Saragarhi, looking back at the battle on it’s 121st anniversary

Saragarhi Outpost

Throughout the ever increasing vestiges of history there are no shortages of options for great “last stands.” The Spartans at Thermopylae is probably the first that comes to most peoples minds. But many others could just as easily be remembered, The British vs the Zulu at Rorke’s Drift, The Americans lost in the Argonne, The last group of Samurai standing up the the government, etc. My personal favorite however is one of the lesser known, but no less impressive. The Battle of Saragarhi.

For this we must head over to the Indian subcontinent. To the mountains on the border between Afghanistan and modern day Pakistan. Back in 1897 however this was the edge of British India. The local Afghan tribes had rebelled against the British, and the British had in turn occupied and fortified many of the old forts in the region. Two of these forts, Fort Lockhart and Fort Gulistan, did not have direct line of sight between each other so the small outpost of Saragarhi was born.

Saragarhi was manned by a small contingent of 21 Sikh soldiers, operating signaling equipment designed to flash Morse Code via reflected sunlight.

On the 12th September 1897 after repeated failed attacks on the 2 forts and realizing Saragarhi is the weak point, a force of between 10000-12000 Afghans came marching on the little outpost. The attack also cut off the forts from sending aid. Leaving the 21 men to fend for themselves.
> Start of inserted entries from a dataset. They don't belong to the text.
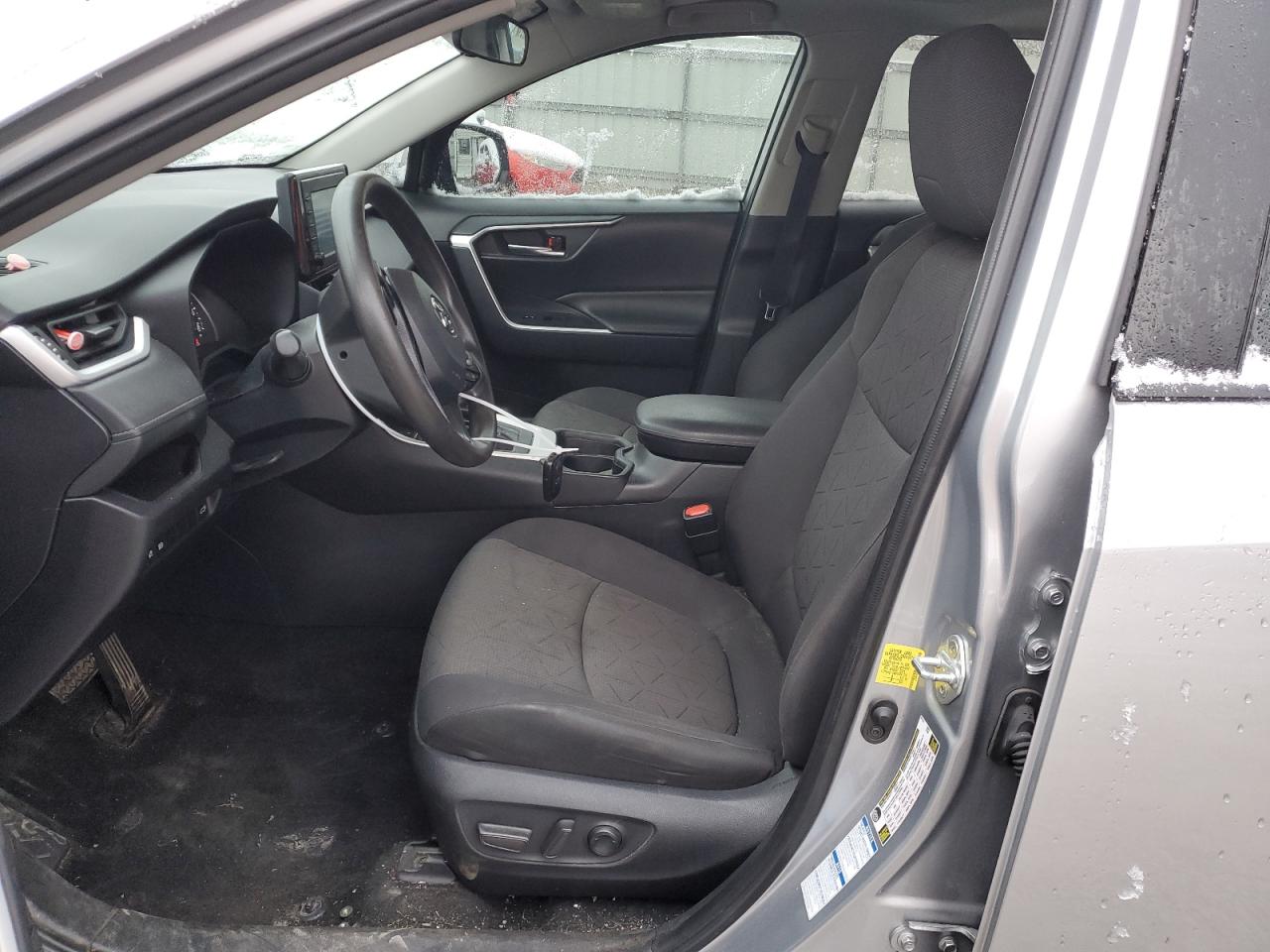 2021 Toyota RAV 4 VIN 2T3P1RFV2MC172195 Copart auction photo, front end damage thumbnail 7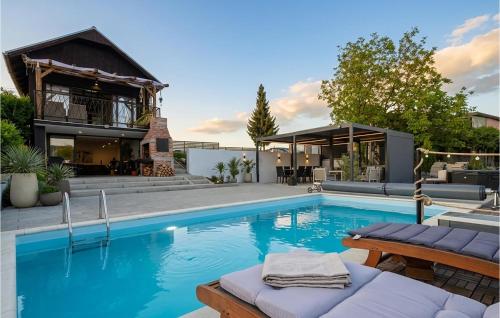 Cozy Home In Bjelovar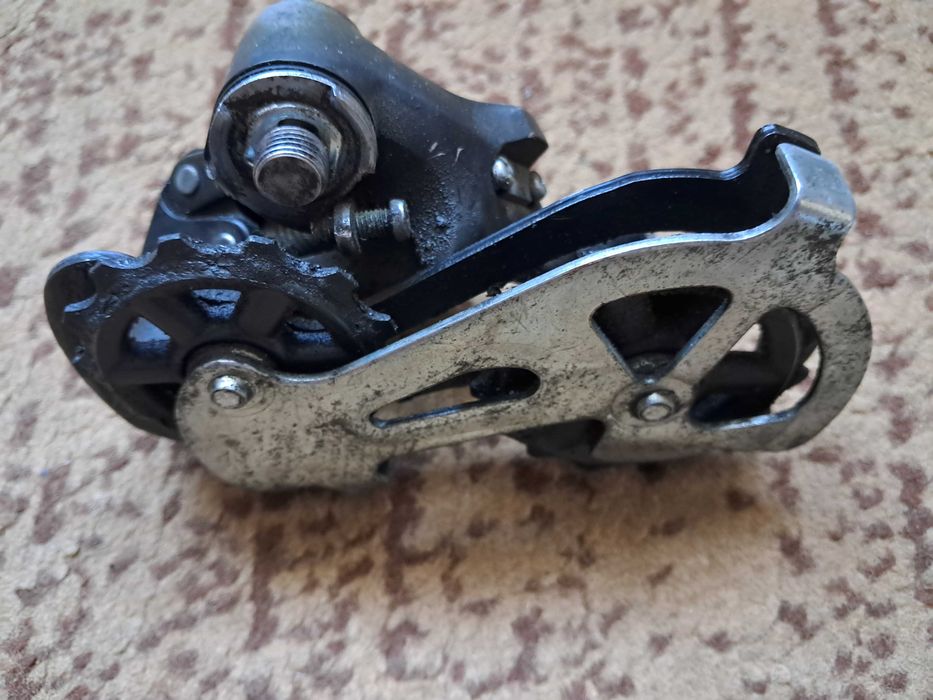 Przerzutnik tylny Shimano Altus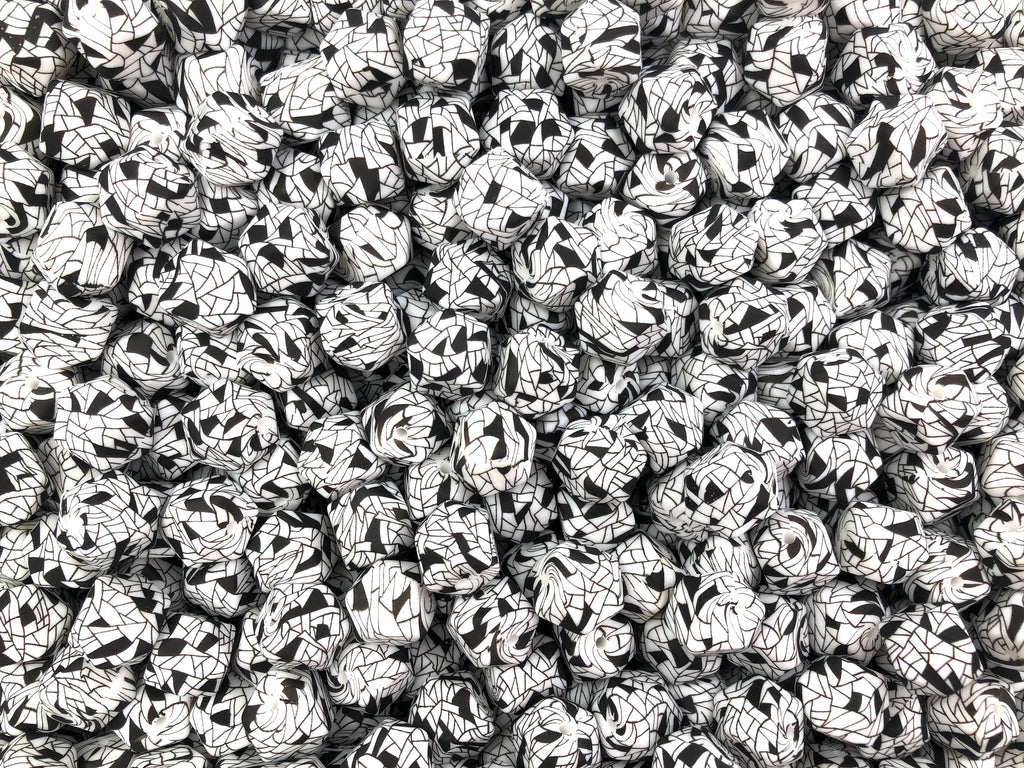 Black and White Web Print Hexagon Silicone Beads--14mm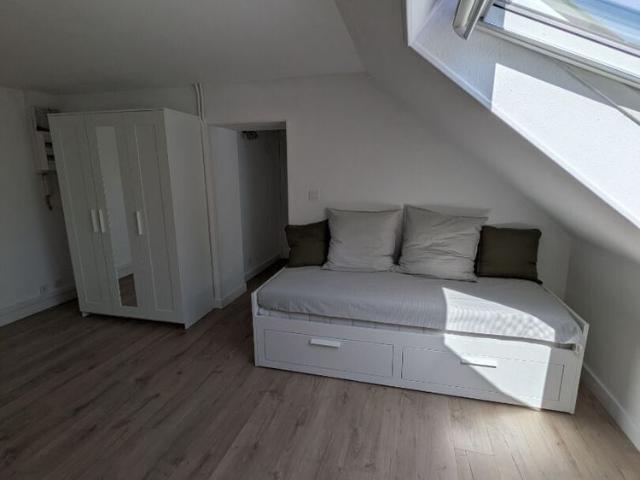 Studio 25 m² meublé Canclaux Mellinet Location Appartement nantes: 19 m2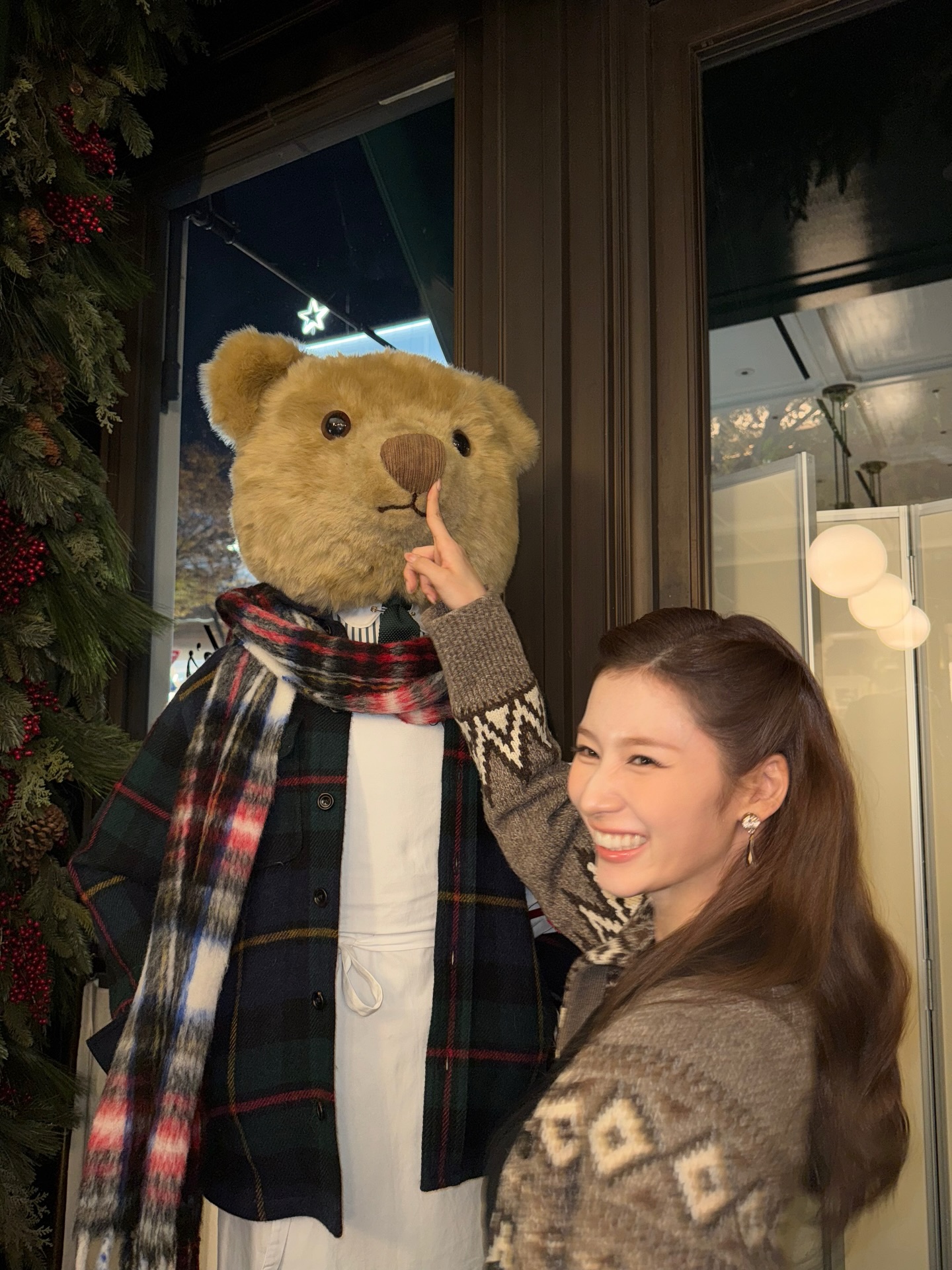 Latest photo of Sana (TWICE)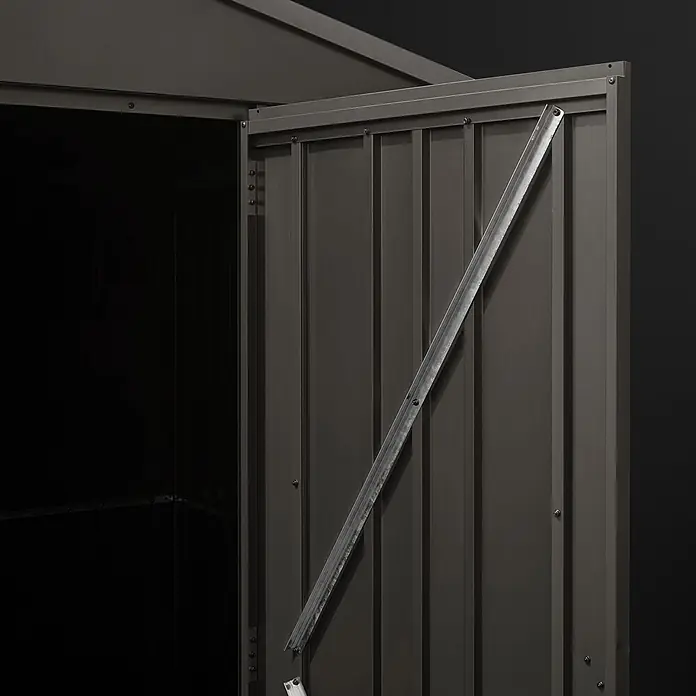 Hoggar Gerätehaus Pioneer Y140 - Außenmaß inkl. Dachüberstand (B x T): 505 x 280 cm, Anthrazit, Stahl, 14,4 m² - Dunkelgraue Metallschuppentür, leicht geöffnet, mit diagonalem Stützriegel.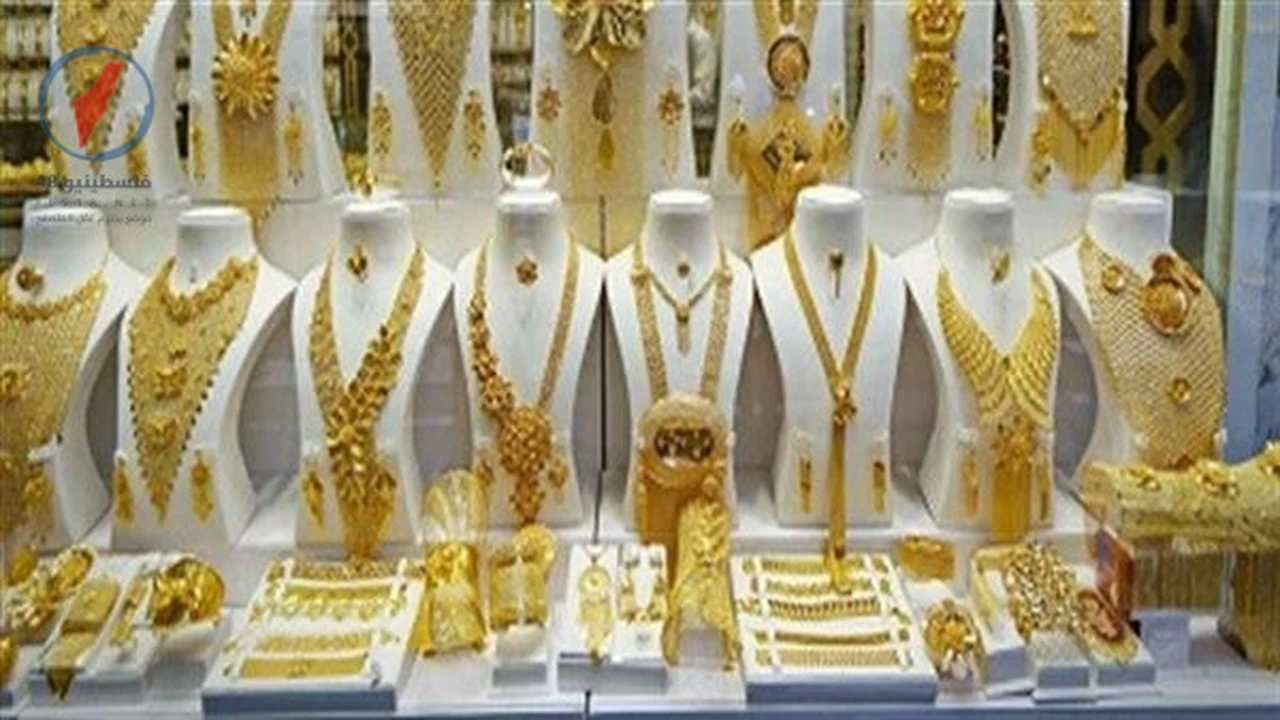 سعر الذهب يشهد تقلبات حادة بين الارتفاع والانخفاض في الأسواق المحلية اليوم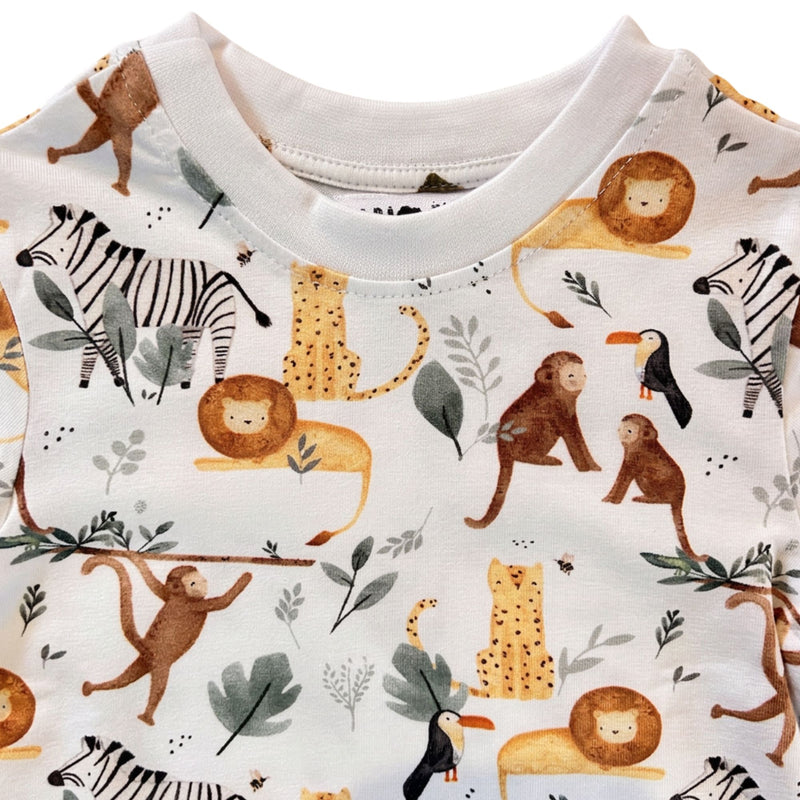 Front neckline: Close-up of the ribbed neckline and animal print on the Tee Shirt - Watercolour Jungle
After repeated attacks and setting the local flora alight the invaders were able to breach the outer wall.

Saragarhi’s commanding officer Ishar Singh sacrificed himself to hold off the attackers while the surviving few men fell back to the inner wall and entrenched themselves. All through the battle Gurmukh Singh, the faithful signalman remained at his post, and constantly narrated the battle back to the Officers at Fort Lockhart. Only once all his comrades had fallen and he was the last man left did he signal requesting permission to leave his post and engage. After this was granted, he first very carefully packed up and put away all the equipment, then fixed bayonet and took out 20 enemies before they had to burn down the outpost to eventually stop him.

All 21 soldiers were awarded the highest award available to them at the time. Although all 21 were killed in the battle, they delayed the enemy long enough for the Forts to call in reinforcements. And a few days later what was left of Saragarhi was recaptured. The exact number of enemy casualties is uncertain, but it seems to be somewhere between 180 and 600 Afghans taken out by the 21.